Catenaa, Tuesday, July 14, 2026- IBM stock crashed by over 24% on Tuesday in the stock’s worst single session since 1987, after an unexpected pre-earnings warning from the company.
Strategist Mike Zaccardi noted that IBM shares fell 23% in a single session in October 1987, framing today’s move in rare historical company.
The catalyst is a preliminary Q2 2026 revenue and profit miss released this morning ahead of the full report on July 22.
IBM CEO Arvind Krishna told investors “we faltered” and that “numerous large deals failed to close” as clients shifted spending toward supply-constrained infrastructure.
The broader market tells a different story. Meanwhile, the NASDAQ 100 is up 1.08% after June’s Consumer Price Index report showed consumer prices fell 0.4% month over month, the largest drop since April 2020, with annual inflation easing to 3.5% and core to 2.6%.
Today’s software selloff looks sector- and IBM-specific rather than macro.
IBM reported preliminary Q2 2026 revenue of $17.2 billion, up 1%, versus the $17.86 billion consensus. Operating (non-GAAP) EPS came in at $2.93, below the $3.01 consensus, with GAAP EPS at $2.27.
Segment details show that the shortfall was concentrated.
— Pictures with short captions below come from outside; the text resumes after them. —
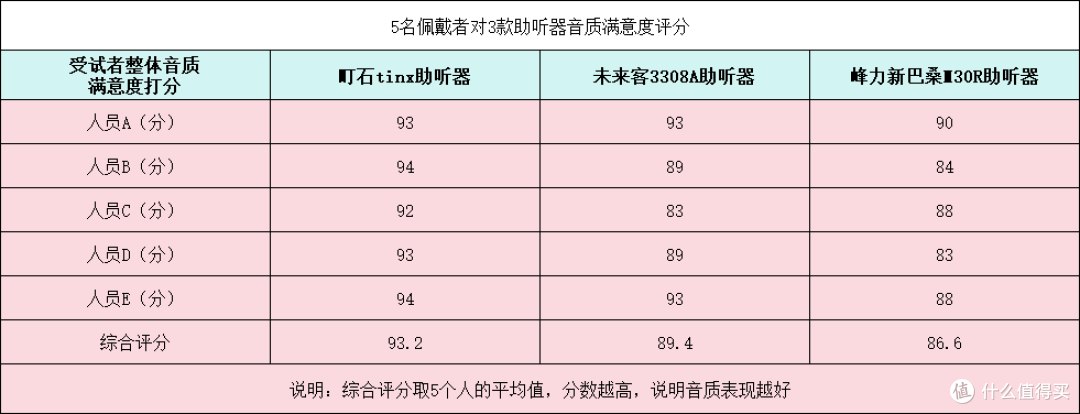 未来客助听器怎么样?助听器哪个品牌好?助听器如何选择?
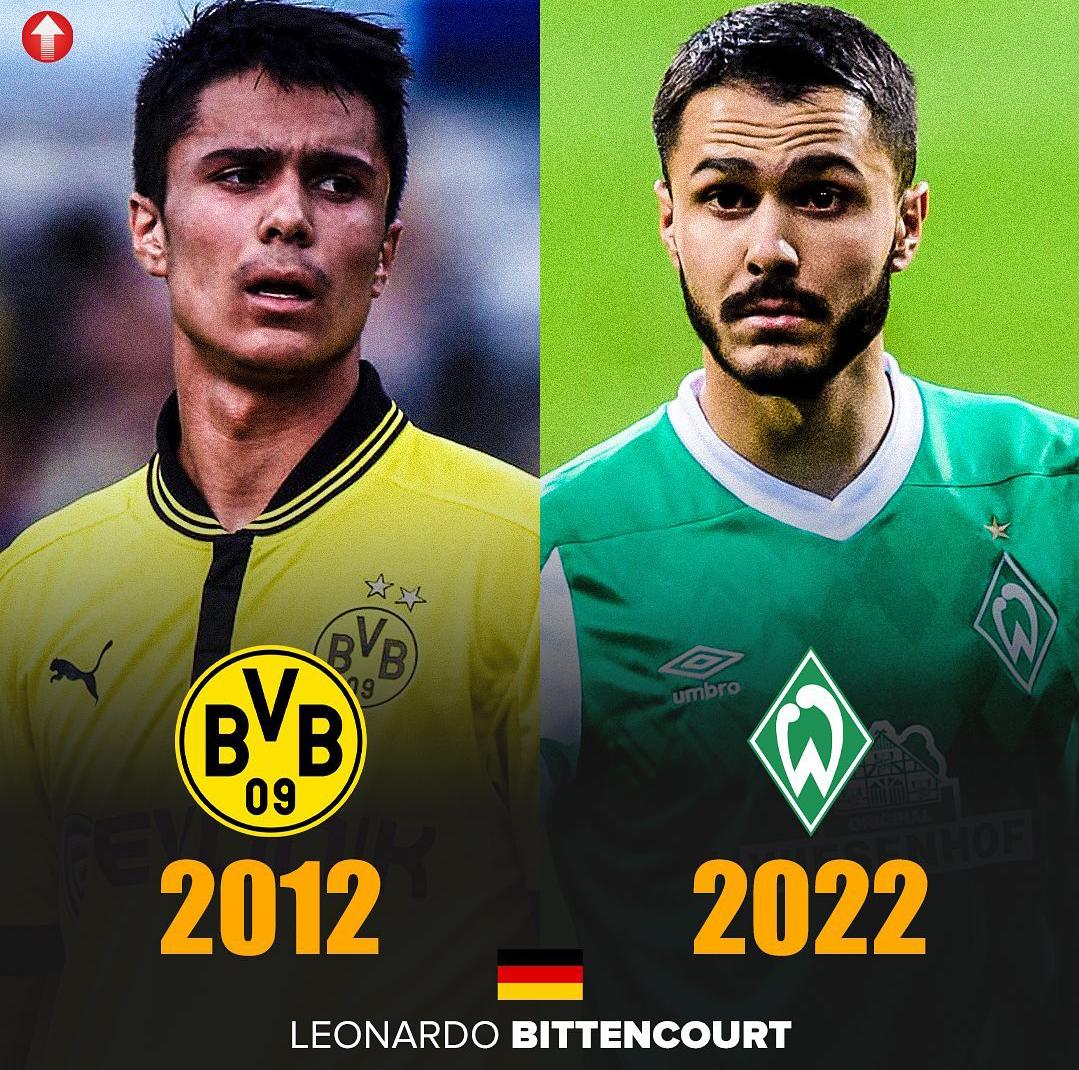 唏嘘！德国五位堕落的昔日天才，欧冠冠军成员在列，一人无球可踢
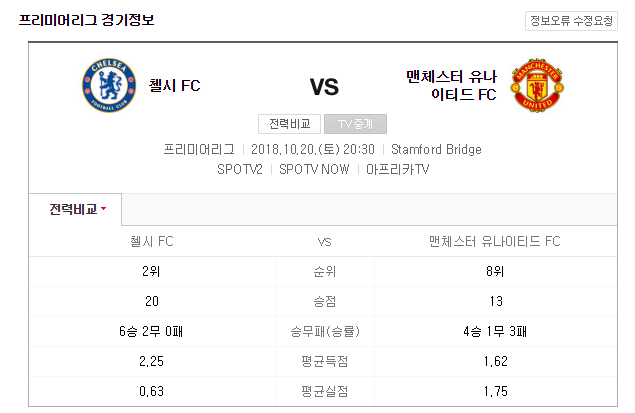 [주말해외축구일정] 프리미어리그 맨유VS첼시 비롯한 이번 주말 해외축구경기 일정·중계는?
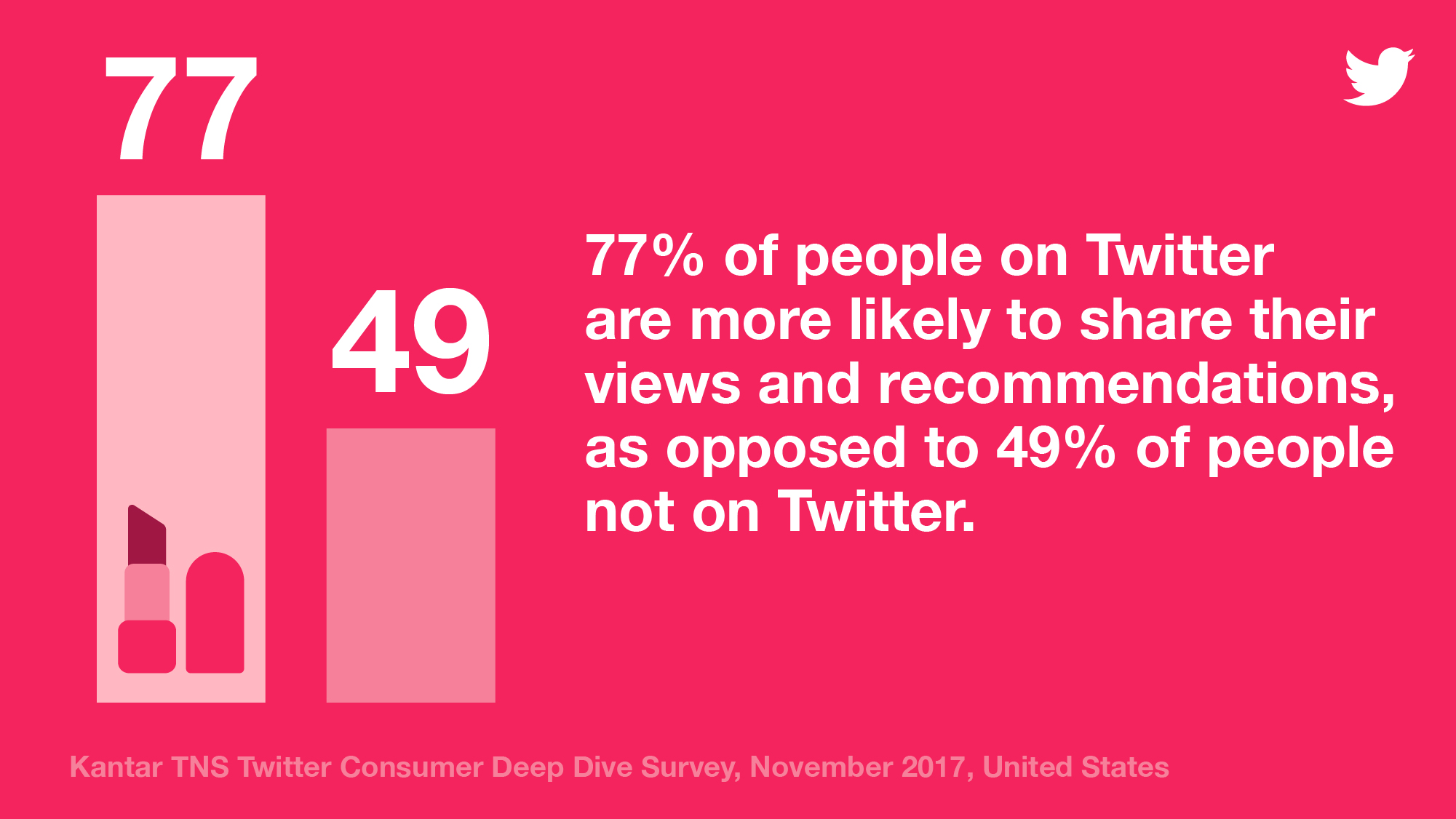 Twitter users are more likely to share their recommendations Infographic showing 77% of people on Twitter are more likely to share their views and recommendations, as opposed to 49% of non-Twitter users.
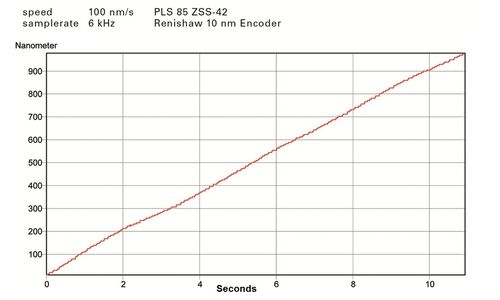 PI PLS-85 Diagram Velocity 100 nm/s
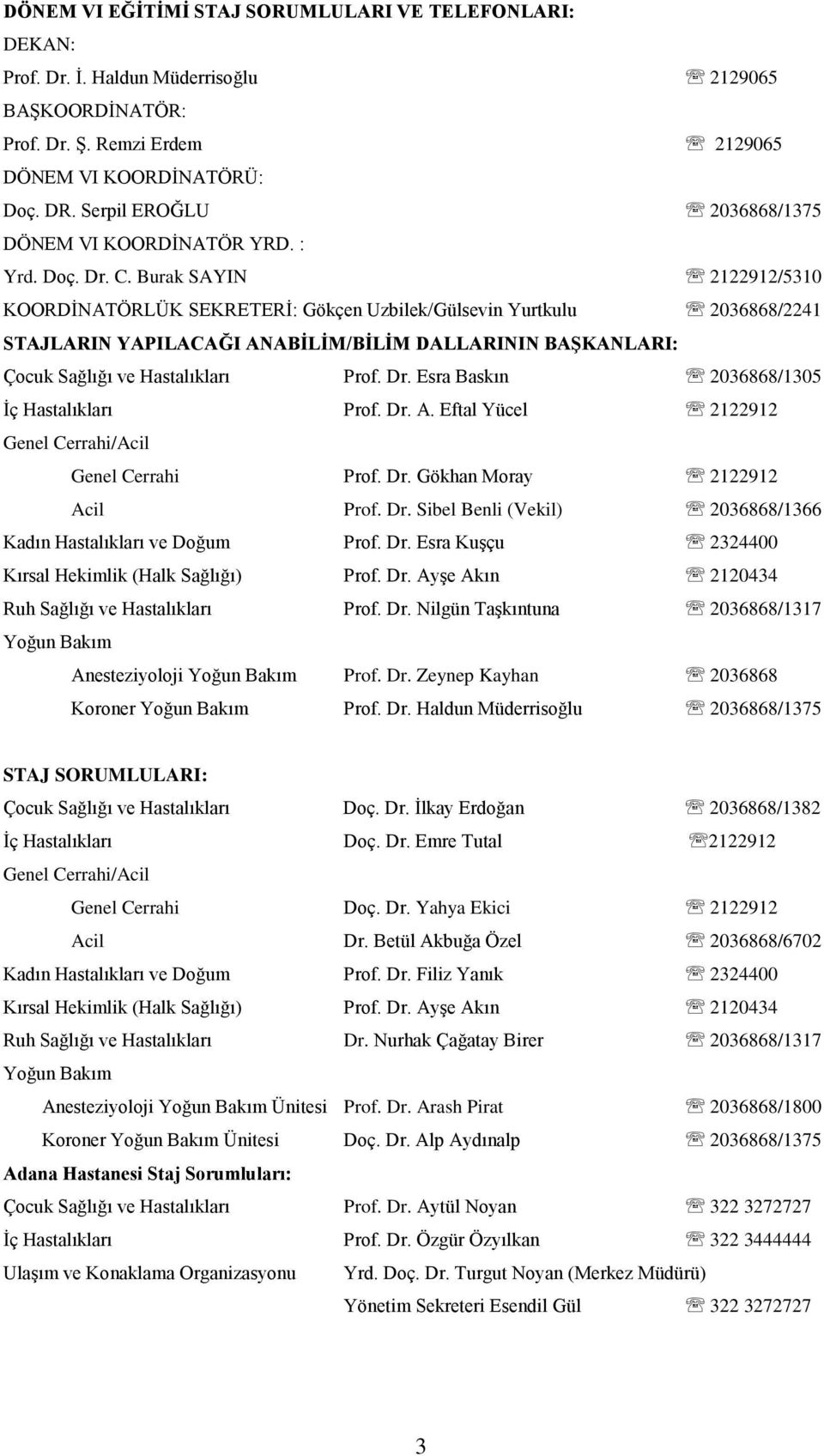 Burak SAYIN 2122912/5310 KOORDİNATÖRLÜK SEKRETERİ: Gökçen Uzbilek/Gülsevin Yurtkulu 2036868/2241 STAJLARIN YAPILACAĞI ANABİLİM/BİLİM DALLARININ BAŞKANLARI: Çocuk Sağlığı ve Hastalıkları Prof. Dr.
IBM’s Software segment rose 5% with Red Hat up 11%, and Consulting was roughly flat.
Krishna said clients redirected capex in the last weeks of June toward servers, storage, and memory to secure supply-constrained infrastructure ahead of expected price increases, a reprioritization whose magnitude IBM didn’t anticipate. He also cited cybersecurity distractions among enterprise buyers.
HSBC downgraded IBM stock to Reduce from Hold with a $191 price target, the clearest bear voice on the Street today. More bullish prior targets from Morgan Stanley and Oppenheimer preceded the warning and look likely to be revised.
The bull case leans on the parts of IBM that worked. Software growth held up, Distributed Infrastructure rose 37%, the best in reported history, and year-to-date free cash flow reached $4.8 billion. Management framed the slipped deals as deferred rather than lost.
The bear case is equally clear, though. Mainframe cyclicality is an issue, execution stumbled on large deals, and the capex reprioritization toward AI hardware could persist. HSBC’s $191 IBM price target implies meaningful downside from current levels.
The fair read is that this is partly an IBM-specific mainframe and execution stumble and partly a signal that AI infrastructure and memory buying is crowding out other IT budgets.
IBM’s own software line grew, so this isn’t a broad software demand collapse. Traders are selling the scarier “AI eats software” interpretation regardless.